Елизавета велела присмотреть за герцогом, чтобы он «какого зла себе не учинил». Но судьба его дочери была решена. Через три недели Гедвига приняла в Москве православие, и ее крестной матерью стала сама императрица. Впрочем, герцог не слишком отчаивался; как только он узнал о том, что его дочь имеет шанс занять место при дворе, то обратился к ней с отеческим наставлением.
Теперь он уже не напоминал о дурных качествах «любезной его сердцу» Гедвиги, а старался внушить ей мысль о необходимости использовать свое положение для освобождения семьи: «Кто больше тебя может иметь случай ходатайствовать за твоих родителей? И кто милостивее ее императорского величества? Императрица еще никогда никого не оставляла коснеть в несчастии и помимо закона помиловала же стольких людей, а в числе их даже тех, которые провинились против нее. Бросься смело и смиренно к ее ногам, проси и умоляй о помиловании твоих родителей и братьев: она непременно сжалится и возвратит нам свободу. Годовщина счастливого дня коронации ее императорского величества приближается, все государство Российское и все, живущие под ее покровительством и скипетром, уже радуются сему, как и мы, бедные, огорченные. Но подумай, любезная дочь, если б Богу угодно было, чтоб этот день положил конец нашему несчастью, какой бы радостью возрадовались мы, уже столько униженные и несчастные, согбенные под бременем нашего креста. Соберись с духом, любезная дочь, проси за нас и не оставь нас тогда, когда все прочие нас оставляют».[316]

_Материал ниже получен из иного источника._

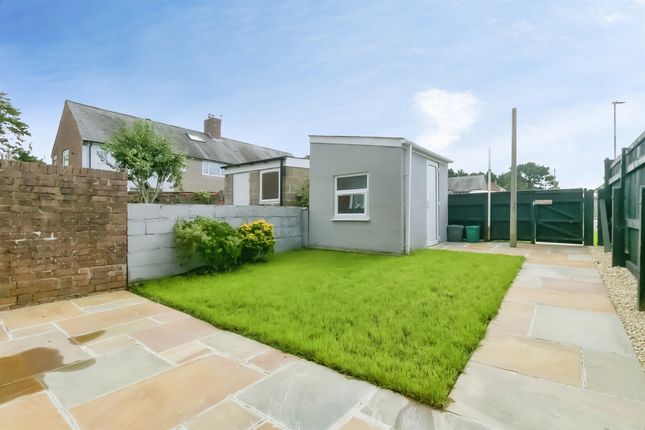 20, Pinewood Square, St. Athan photo 4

Надежды, однако, не оправдались — Гедвига (в православном крещении Екатерина Ивановна) в это время всеми силами пыталась закрепиться при дворе. Маленькая и некрасивая девушка сумела войти в доверие к Мавре Шуваловой и благодаря ей была сделана надзирательницей над фрейлинами; злые языки говорили, что она брала с них плату за непозволительные отлучки в ночное время. Она смогла понравиться гофмейстеру наследника, камергеру Чоглокову, а затем вошла в круг близких друзей самого великого князя Петра Федоровича, которого когда-то отец прочил ей в мужья. Он выказывал девушке «решительное пристрастие», посылал ей лакомства со своего стола и даже советовался с ней по поводу перемены формы голштинских солдат, что означало у Петра высшую форму доверия, но вызывало неудовольствие его жены, которая в записках называла курляндскую принцессу «горбуньей» и «маленьким уродом», хотя и отмечала ее «ум и необычайную способность к интриге».[317]
Дочь Бирона показала отцовский характер и хватку. Она выдержала поединок с будущей императрицей и успешно избежала брака с пожилым и глупым камергером Петром Салтыковым, хотя его сватала ей сама Елизавета. В конце концов принцесса сама нашла достойного жениха — красавца-поручика Преображенского полка барона Александра Ивановича Черкасова, за которого и вышла наконец замуж в 1759 году. Государыня дала в приданое за крестницей 20 тысяч рублей и полную обстановку дома новобрачных, хотя ожидания жениха на придворную карьеру не оправдались.